Женщина отжала как следует несчастные тряпки и повесила сушиться. Близился вечер. Останется ли Пелл в доме или уберётся-таки в город? Задавшись этим вопросом, она вдруг поняла, что с ужасом предвкушает ещё одну ночь, взаперти, рядом с Пеллом. Да, она могла бы стерпеть кое-как, — верь Розмари, что эта ночь уж точно станет последней. Жгучая смесь чувств, поселившихся в душе: гнева, терзающего сердце, пополам с нуждою в муже, в мужчине, мучающей тело, — кромсала женщину на части. Она бы скорее возлегла спать с безвестным бродячим менестрелем, чем снова взяла в постель презренного изменника, пускай и знакомого не один день. Вспоминай — ни с чем схоже его тело, а кто он есть на деле, посоветовала Розмари сама себе. Защити себя и своё дитя.
Потихоньку, медля, она пробралась назад, в дом. Тарелки так и были разбросаны по столу, как Пелл соизволил оставить их. Очаг был весь измазан жирными брызгами, пятнами сажи и золой. Повсюду, куда ни глянь, отмечалась печать присутствия чужака, словно как у кота, метящего территорию лужами и царапинами, подавая знак, на что претендует. Сам же Пелл развалился, полулёжа, с ногами, на кровати (в углу рта блестело жирное пятно от сытного обеда). Рядом же, на простынях, обнаружился и Гилльям, играющий с пригоршней перьев, оставшихся с петушиного хвоста. Беспорядочно смятая постель, перепачканные тарелки, обшареный и разграбленый буфет… медля, она напомнила себе, что, говоря начистоту, с уходом Пелла убавилось и работы на её плечах. Меньше грязной одежды, требующей стирки, меньше беспорядочного хлама, взывающего к приборке. Она не хотела возворачиваться обратно, к прежней жизни. С Пеллом или без Пелла, ласкающего её по ночам; она не хотела жить с ним, бегать за ним, прибираться за ним — и безропотно повиноваться каждому его приказу. Откашлявшись и прочистив горло, Розмари постаралась говорить словно бы мимоходом, случайно, по мере уборки по комнате.

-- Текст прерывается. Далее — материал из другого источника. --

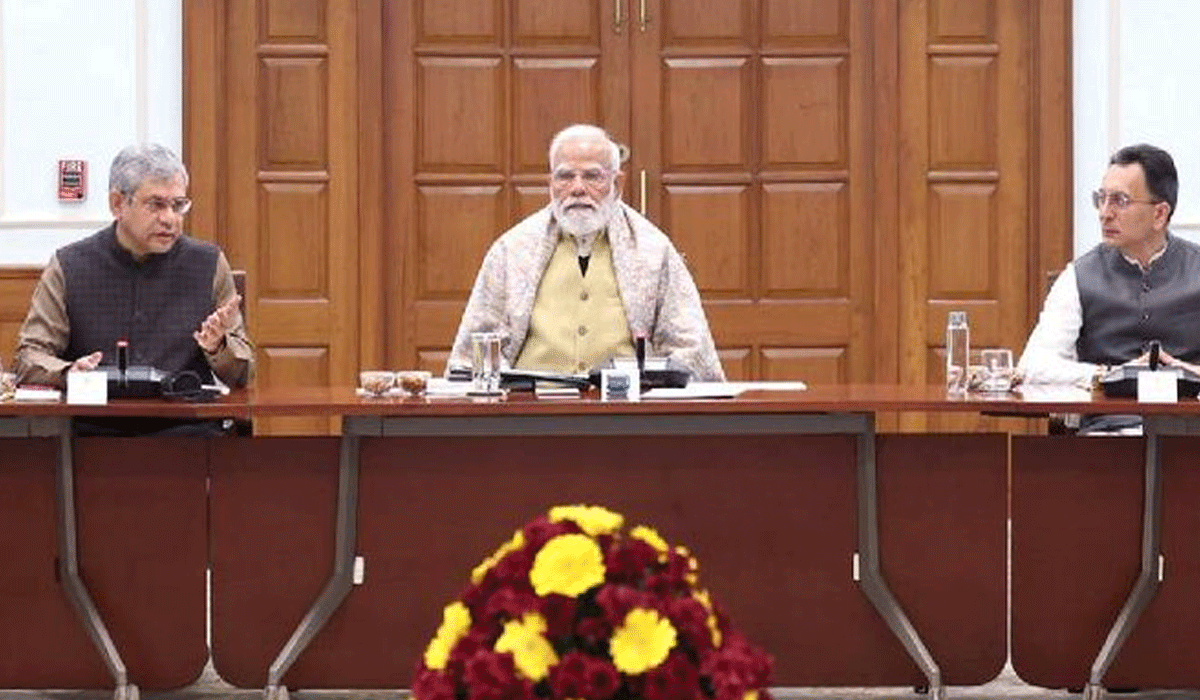 WaveX invites applications from startups for ‘India AI Summit’ next month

— Корова скоро разрешится телком. Лучше будет, если я завтра отведу её к Бену.
Повернув голову на голос, Пелл покосился на неё.
— Корову — и к Бену? С чего бы?
— Когда я покупала её, Бен предупреждал, что первый отёл у коровы может выдаться тяжёлым. Если понадобится, он знает, как перевернуть телёнка, коль скоро тот пойдёт неправильно. А ещё сказал, что поможет мне, когда придёт время, если я позабочуь привести к нему корову. — Побольше лжи. Бен никогда не говорил ничего подобного. И она не поведёт корову к нему. Она отведёт её к Хилии. Та с супругом хоть и не богаты, но крепко стоят на ногах. Они сделают всё, что в их силах, — и для коровы, и для нерождённого телка.